Da Imperia ad Oxford, Intervista ad Anisa DedejAnisa Dedej


di Angela Valenti Durazzo 

Da Imperia a Oxford per trovare nuove occasioni professionali. Anisa Dedej italiana di origine albanese (la famiglia è emigrata da Durazzo ad Imperia quando era bambina) è una delle numerose persone che, insieme al marito Blerim Loci e ai figli, hanno deciso negli anni scorsi di lasciare l’Italia per trasferirsi nel Regno Unito, destinazione dove, nonostante il periodo di difficoltà determinato dalla crisi globale del coronavirus, si trova molto bene.

Anisa Dedej quando avete deciso di trasferirvi in Gran Bretagna?

Sono partita con i bambini nel 2017 mentre mio marito si era trasferito già nel 2016. Non c’è una motivazione precisa se non il fatto che cercavamo maggiori prospettive lavorative. Per quanto infatti adori Imperia a livello lavorativo non c’erano molte prospettive. I nostri figli erano ancora piccoli e allora abbiamo detto “o si parte adesso o mai più”. Attualmente ad Oxford insegno in un college ai ragazzi con disturbi di apprendimento (mestiere per il quale ho svolto i miei studi) mentre mio marito è artigiano edile.

Come ti sei trovata? 

Molto bene. In Gran Bratagna non mi sono mai sentita fuori posto ed anche i nostri figli vanno a scuola in una realtà dove nessuno, per apprezzarli, chiede da dove vengono. La scuola è ottima e c’è molto rispetto dell’identità nelle relazioni personali come nel lavoro. I bambini non parlavano l’inglese e quando ho chiesto agli insegnanti cosa potevo fare per aiutarli mi hanno risposto che ci avrebbero pensato loro e di continuare a casa a parlare nella nostra lingua. Gli insegnanti sono abituati a lavorare con molte nazionalità e quindi ad avere una visione internazionale.

E della Liguria e di Imperia cosa vi manca in modo particolare?

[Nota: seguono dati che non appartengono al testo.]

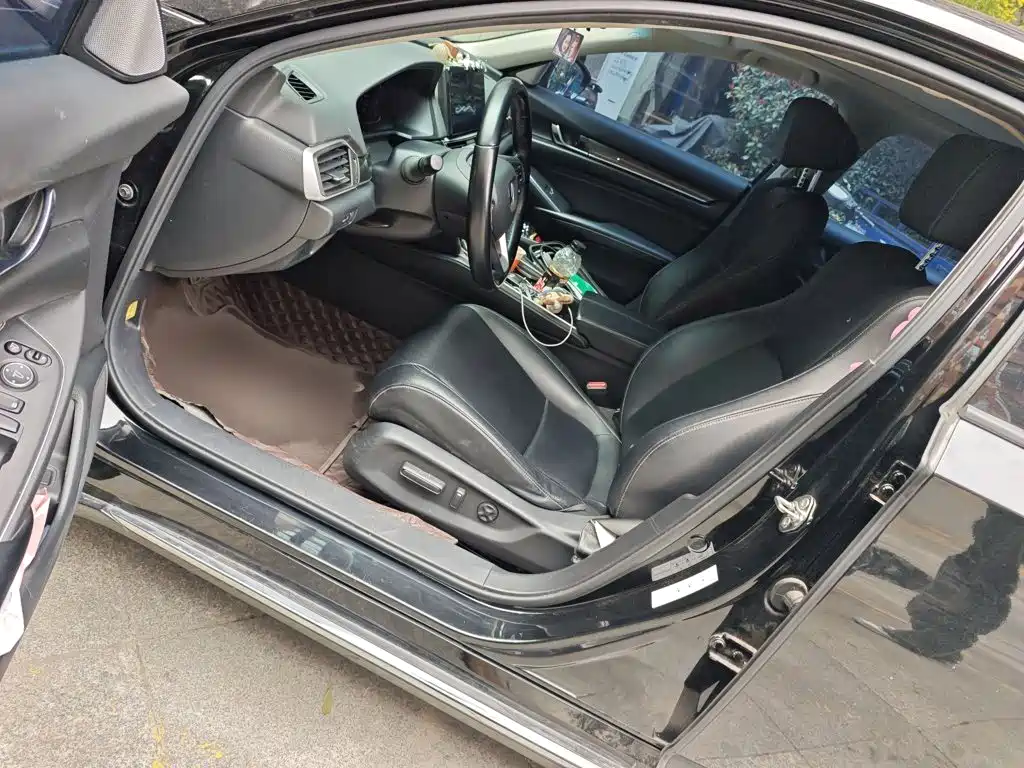 Honda Accord — фото 8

Il carattere ligure, perché quello inglese è bello ma è diverso dal nostro, gli inglesi hanno un invidiabile self control ma non hanno un carattere mediterraneo. Quando uscivo di casa ad Imperia prima di fare 100 metri mi fermavo non so quante volte a chiacchierare. La “cultura” della chiacchierata davvero mi manca e persino il mugugno ligure…E poi mi mancano i negozi e la focaccia me la devo fare in casa perché è una di quelle cose che se non sei in Liguria non le trovi. Per per quanto riguarda la natura è vero che ci manca il mare della Liguria ma lo sostituiamo con le lunghe passeggiate nel verde a piedi o in bicicletta.

E la famiglia?

I miei genitori ed i parenti sono rimasti ad Imperia ed ogni volta che andiamo a trovarli papà ci fa trovare vini come il Vermentino o il Pigato, l’olio di olive taggiasche oltre ovviamente al pesto.

Il Lockdown ad Oxford come lo avete trascorso?

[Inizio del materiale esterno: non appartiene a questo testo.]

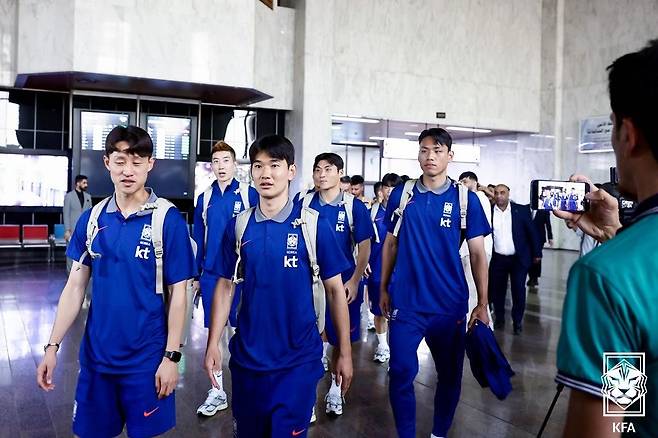 2026 FIFA 북중미 월드컵 3차 예선을 위해 출국한 대한민국 축구대표팀이 지난 2일(현지시간) 이라크 바스라 국제공항에 도착해 이동하고 있다. (대한축구협회 제공. 재판매 및 DB 금지) 2025.6.3/뉴스1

Non l’abbiamo vissuto malissimo, a parte il dispiacere per le vittime del coronavirus, poiché la maggior parte delle case qui ha un giardino. Abbiamo continuato a lavorare da casa anche se ovviamente mi sono mancati il contatto umano e la quotidianità. Da noi non c’è stato un full lockdown e quindi potevamo uscire a fare una passeggiata di un’oretta. Inoltre il coronavirus è stato meno un fatto mediatico rispetto all’Italia, però hanno chiuso quando la situazione era già critica…

Ti senti più Italiana o Albanese?

Ovviamente tra Oxford, Imperia e l’origine di Durazzo mi sento un po’ divisa in tante parti (sulla nostalgia di chi vive all’estero LEGGI L’ARTICOLO) nel senso che il mio cuore è ancora in Italia ma le radici sono in Albania. In ogni caso quello albanese è un popolo di emigranti e questa rappresenta una indubbia ricchezza che abbiamo in senso culturale e linguistico.